Saved entries:

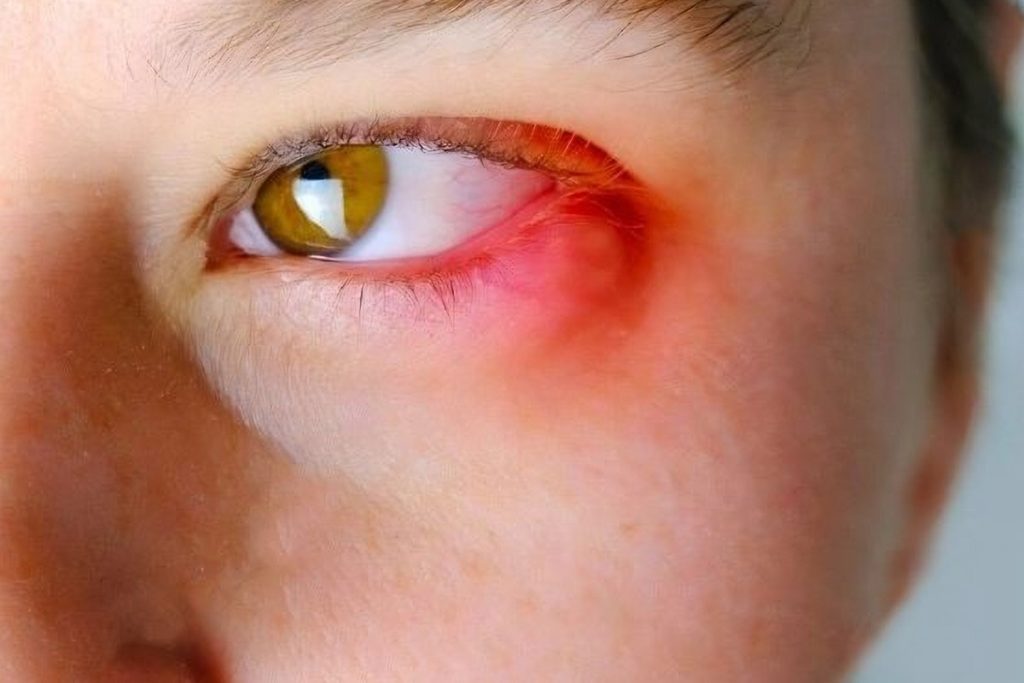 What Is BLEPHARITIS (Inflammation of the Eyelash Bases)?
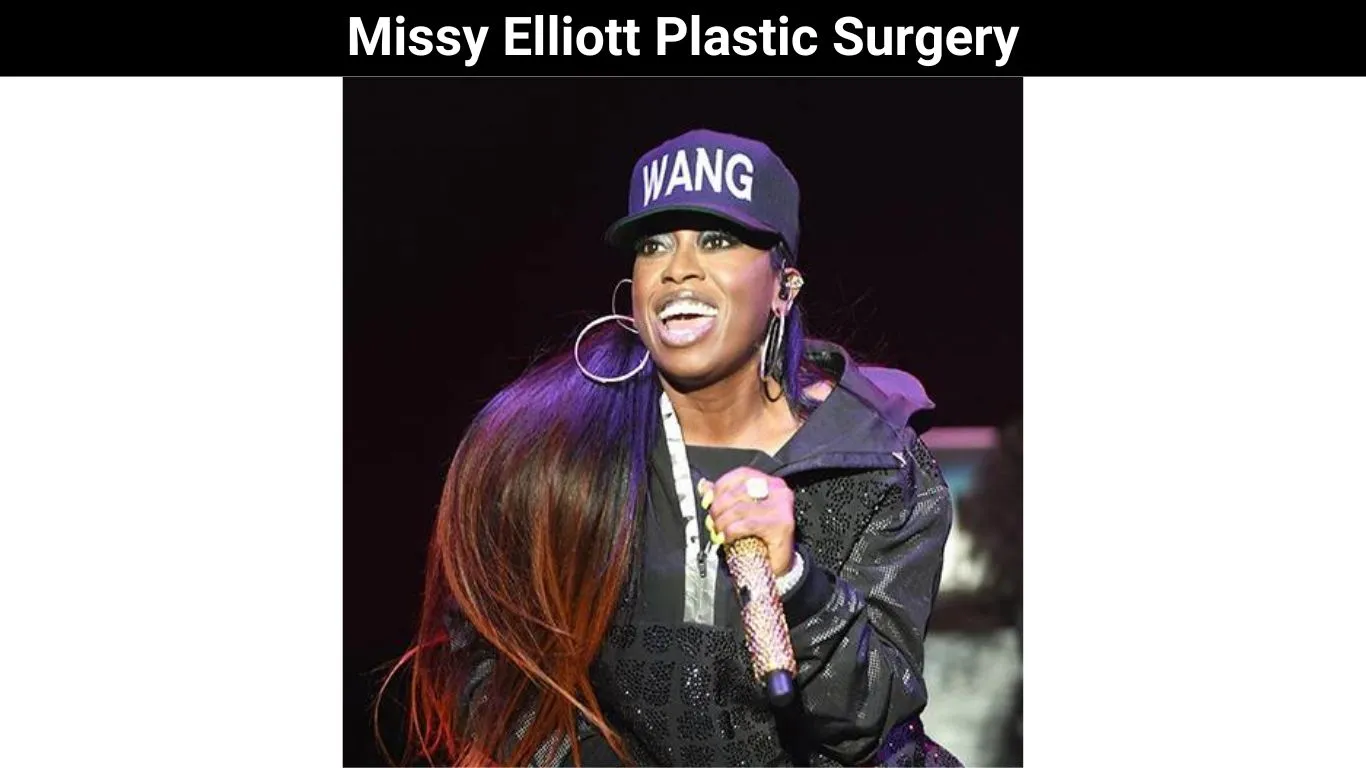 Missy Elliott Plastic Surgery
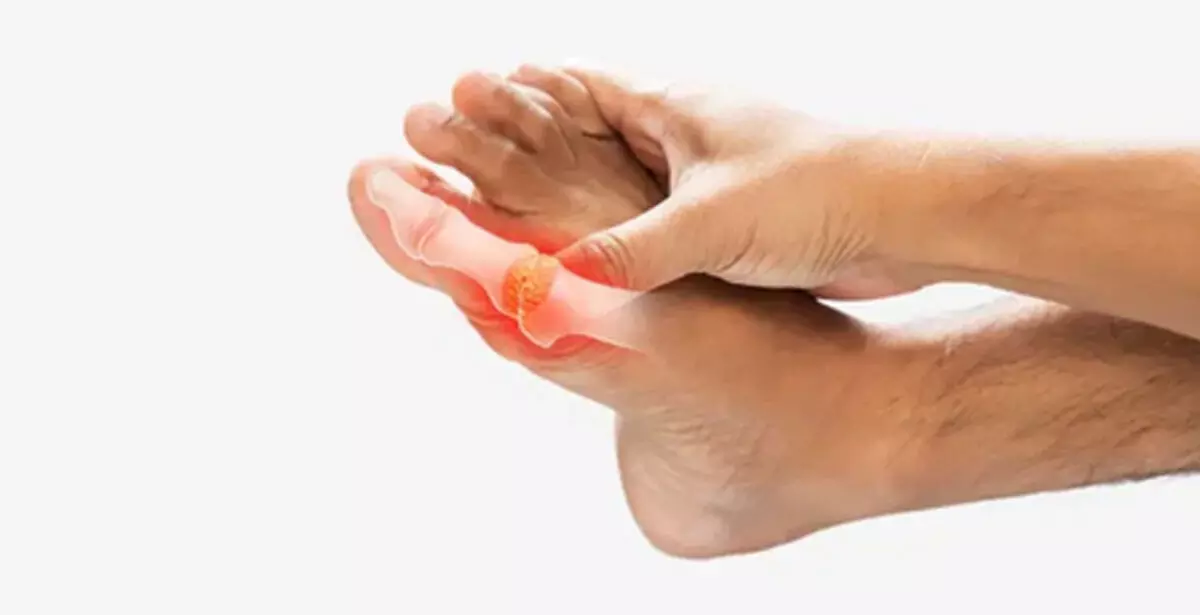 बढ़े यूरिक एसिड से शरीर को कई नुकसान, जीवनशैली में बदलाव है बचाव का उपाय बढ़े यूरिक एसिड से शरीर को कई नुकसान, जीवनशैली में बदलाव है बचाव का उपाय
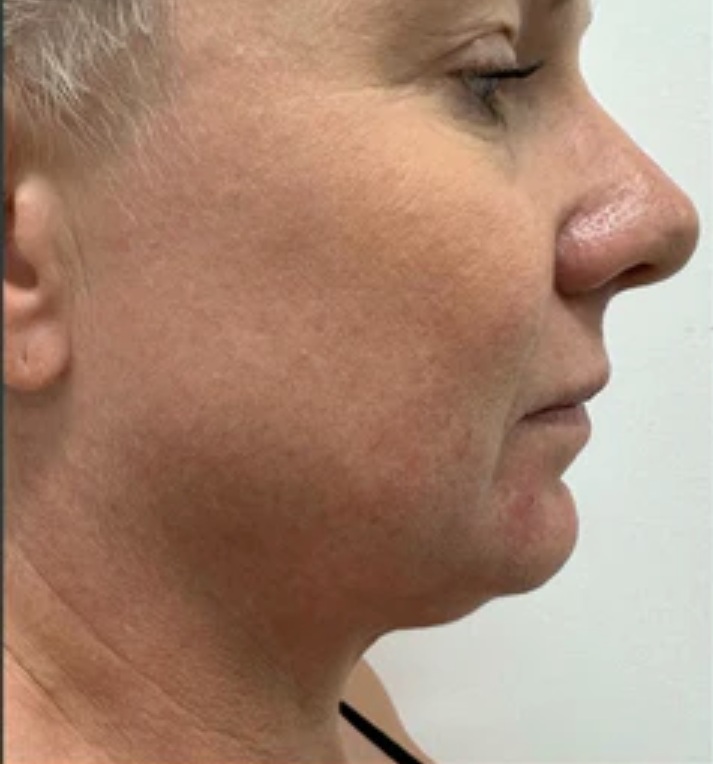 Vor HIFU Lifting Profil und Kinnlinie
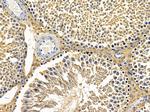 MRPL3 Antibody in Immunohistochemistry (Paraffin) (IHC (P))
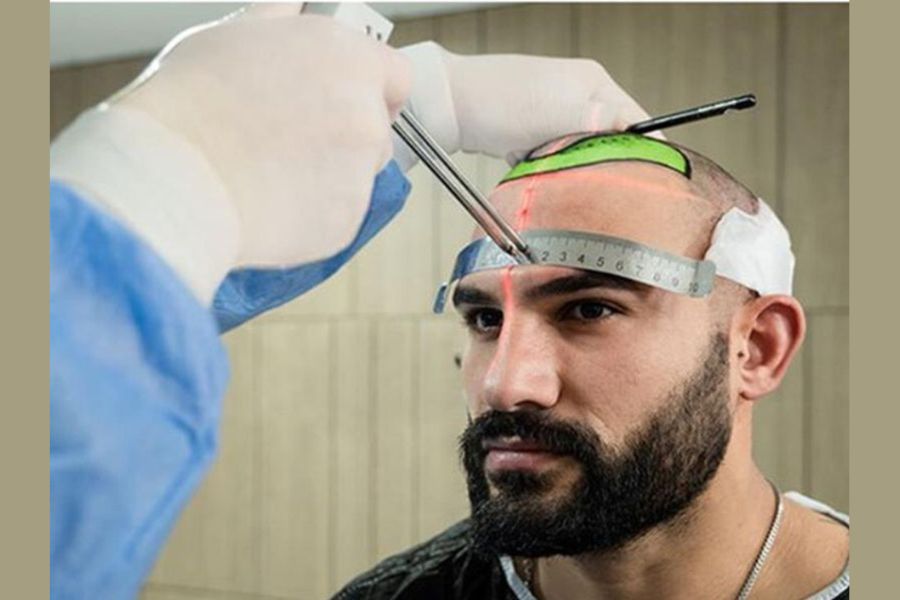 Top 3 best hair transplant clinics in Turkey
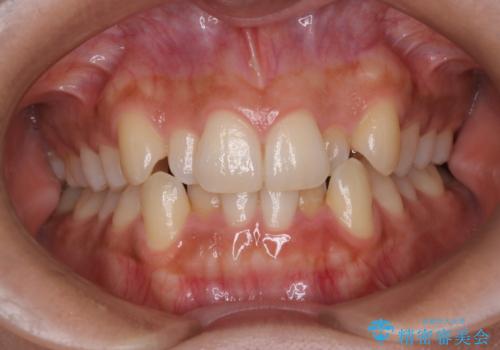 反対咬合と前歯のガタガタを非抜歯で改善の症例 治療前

**What the task requires:**
What the answer must hold: all the data above, given again exactly, without pictures.

**Response for this exercise:**
 What Is BLEPHARITIS (Inflammation of the Eyelash Bases)?
 Missy Elliott Plastic Surgery
 बढ़े यूरिक एसिड से शरीर को कई नुकसान, जीवनशैली में बदलाव है बचाव का उपाय बढ़े यूरिक एसिड से शरीर को कई नुकसान, जीवनशैली में बदलाव है बचाव का उपाय
 Vor HIFU Lifting Profil und Kinnlinie
 MRPL3 Antibody in Immunohistochemistry (Paraffin) (IHC (P))
 Top 3 best hair transplant clinics in Turkey
 反対咬合と前歯のガタガタを非抜歯で改善の症例 治療前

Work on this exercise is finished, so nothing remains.